(PROVIDED RECORDS Opens)

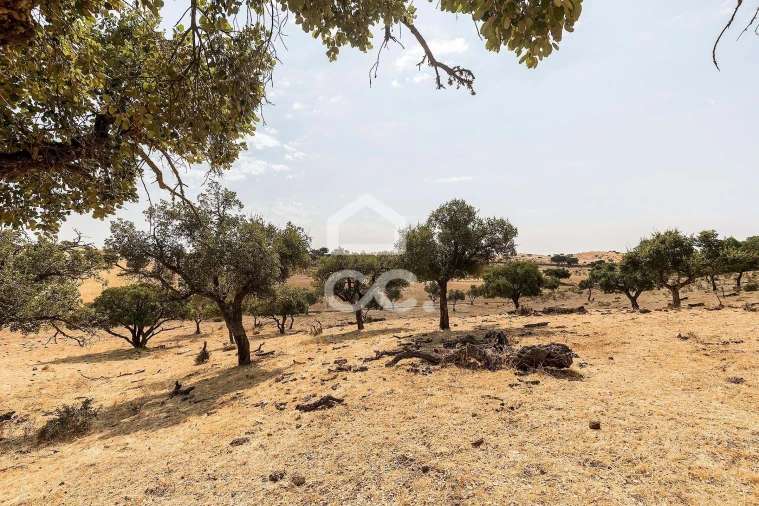 Terreno para Venda em Reguengos de Monsaraz Foto 5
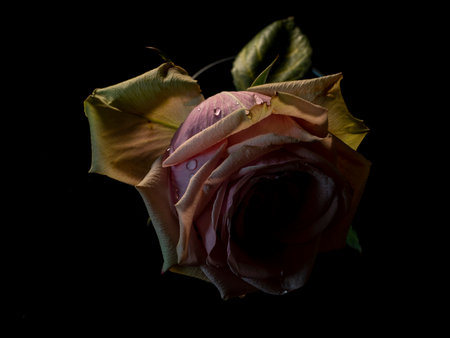 rose of pink color on a black backgroundの写真素材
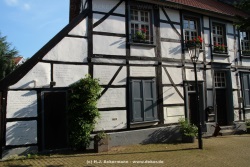 fotografie-57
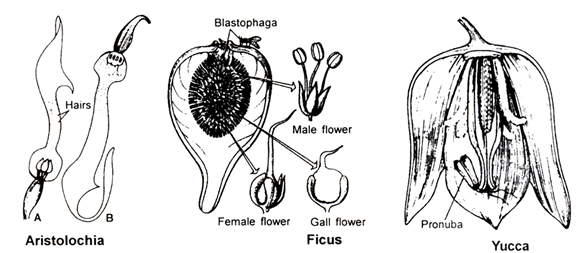Sexual Reproduction in Flowering Plants, Chapter Notes, Class 12, Biology, Part -2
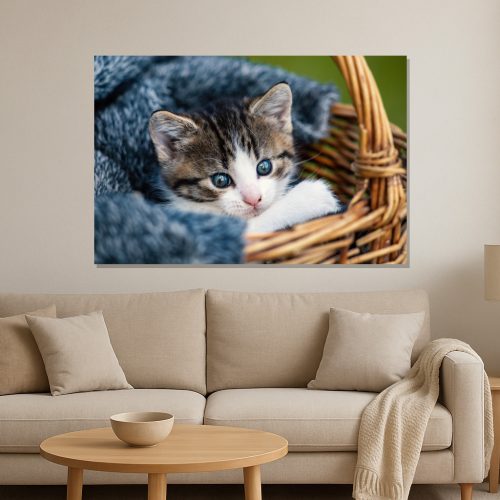 Mockup Mèo con mắt xanh nằm trong giỏ đan ấm áp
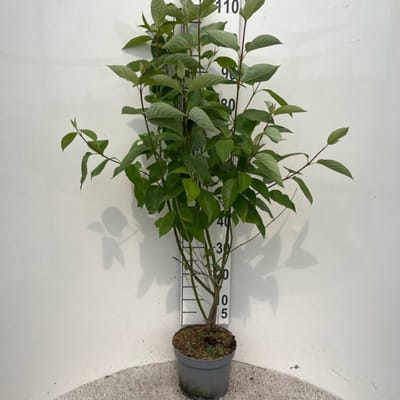Plants Online BV - Planten - Tuinplanten - Heesters - Set van 1 - Cornus alba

(PROVIDED RECORDS Closes)

* [INSTRUCTIONS FOR THE TASK]: Every line from the one holding "rose of pink" through the last line of the entries above, and nothing else, is to be restated word for word. Pictures stay out.

* [SOLUTION FOR THIS TASK]:
 rose of pink color on a black backgroundの写真素材
 fotografie-57
Sexual Reproduction in Flowering Plants, Chapter Notes, Class 12, Biology, Part -2
 Mockup Mèo con mắt xanh nằm trong giỏ đan ấm áp
Plants Online BV - Planten - Tuinplanten - Heesters - Set van 1 - Cornus alba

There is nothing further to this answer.